In 1821, Mexico won its independence from Spain and a number of land grants were made to prominent citizens, among them an Englishman named John Foster, who married the sister of Mexican Gov. Pio Pico and changed his name to Don Juan Forster, according to historian-author Jim Sleeper.

Forster acquired title to three ranchos in what is now Orange County: Rancho Trabuco, 22,184 acres; Rancho Mission Viejo, 47,432 acres, and Rancho Los Porreros, 1,167 acres.

Pico himself took on 133,440 acres to the south (in San Diego County) and called it Rancho Santa Margarita. Through a series of circumstances, Forster eventually got those lands too, but in the 1880s was forced to sell all his holdings.

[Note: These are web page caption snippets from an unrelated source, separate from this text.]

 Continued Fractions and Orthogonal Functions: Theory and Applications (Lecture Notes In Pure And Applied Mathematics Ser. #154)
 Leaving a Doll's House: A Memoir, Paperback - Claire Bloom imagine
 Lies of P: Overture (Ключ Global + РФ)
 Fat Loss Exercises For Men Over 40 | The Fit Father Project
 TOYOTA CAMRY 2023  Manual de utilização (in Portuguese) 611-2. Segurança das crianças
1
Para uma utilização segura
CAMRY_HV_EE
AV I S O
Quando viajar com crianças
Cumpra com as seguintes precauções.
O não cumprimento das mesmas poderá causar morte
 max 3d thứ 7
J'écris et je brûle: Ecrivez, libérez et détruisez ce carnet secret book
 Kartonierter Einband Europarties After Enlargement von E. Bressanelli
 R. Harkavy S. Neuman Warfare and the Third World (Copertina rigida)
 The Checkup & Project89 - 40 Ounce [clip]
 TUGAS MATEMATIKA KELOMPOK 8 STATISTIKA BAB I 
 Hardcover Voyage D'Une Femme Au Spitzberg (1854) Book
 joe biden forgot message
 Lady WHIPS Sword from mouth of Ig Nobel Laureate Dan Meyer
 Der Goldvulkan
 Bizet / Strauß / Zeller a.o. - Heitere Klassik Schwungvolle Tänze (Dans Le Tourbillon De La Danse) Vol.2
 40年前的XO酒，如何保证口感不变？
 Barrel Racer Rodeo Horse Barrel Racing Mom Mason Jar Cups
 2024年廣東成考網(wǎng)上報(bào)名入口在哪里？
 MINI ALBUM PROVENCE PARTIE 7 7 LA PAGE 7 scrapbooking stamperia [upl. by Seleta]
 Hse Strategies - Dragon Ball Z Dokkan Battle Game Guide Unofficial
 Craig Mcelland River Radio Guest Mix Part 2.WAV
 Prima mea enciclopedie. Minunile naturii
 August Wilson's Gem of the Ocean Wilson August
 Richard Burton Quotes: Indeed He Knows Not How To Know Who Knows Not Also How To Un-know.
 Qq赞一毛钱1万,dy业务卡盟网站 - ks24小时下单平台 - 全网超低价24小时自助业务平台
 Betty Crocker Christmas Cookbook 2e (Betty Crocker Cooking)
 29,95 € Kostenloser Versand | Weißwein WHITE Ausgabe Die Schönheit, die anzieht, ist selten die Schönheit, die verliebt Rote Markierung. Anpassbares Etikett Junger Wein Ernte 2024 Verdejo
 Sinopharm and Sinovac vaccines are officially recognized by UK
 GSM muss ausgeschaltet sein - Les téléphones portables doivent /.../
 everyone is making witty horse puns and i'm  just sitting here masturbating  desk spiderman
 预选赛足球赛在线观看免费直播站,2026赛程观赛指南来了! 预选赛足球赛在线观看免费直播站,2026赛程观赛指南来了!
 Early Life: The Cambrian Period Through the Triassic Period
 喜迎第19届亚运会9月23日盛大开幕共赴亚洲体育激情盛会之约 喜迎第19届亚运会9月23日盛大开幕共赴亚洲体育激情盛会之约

They were picked up by an Irishman named Richard O’Neill and partners including a James C. Flood. In 1907, O’Neill deeded his interests to his son, Jerome, while the Flood heirs took over the vast lands of Rancho Santa Margarita in San Diego County. Jerome later turned his holdings over to his sister, Mary, and younger brother, Richard O’Neill Jr.

The O’Neills were lucky, because at the beginning of World War II, the U.S. Navy and the Marine Corps took over the entire San Diego County portion of Rancho Santa Margarita and developed it into Camp Pendleton.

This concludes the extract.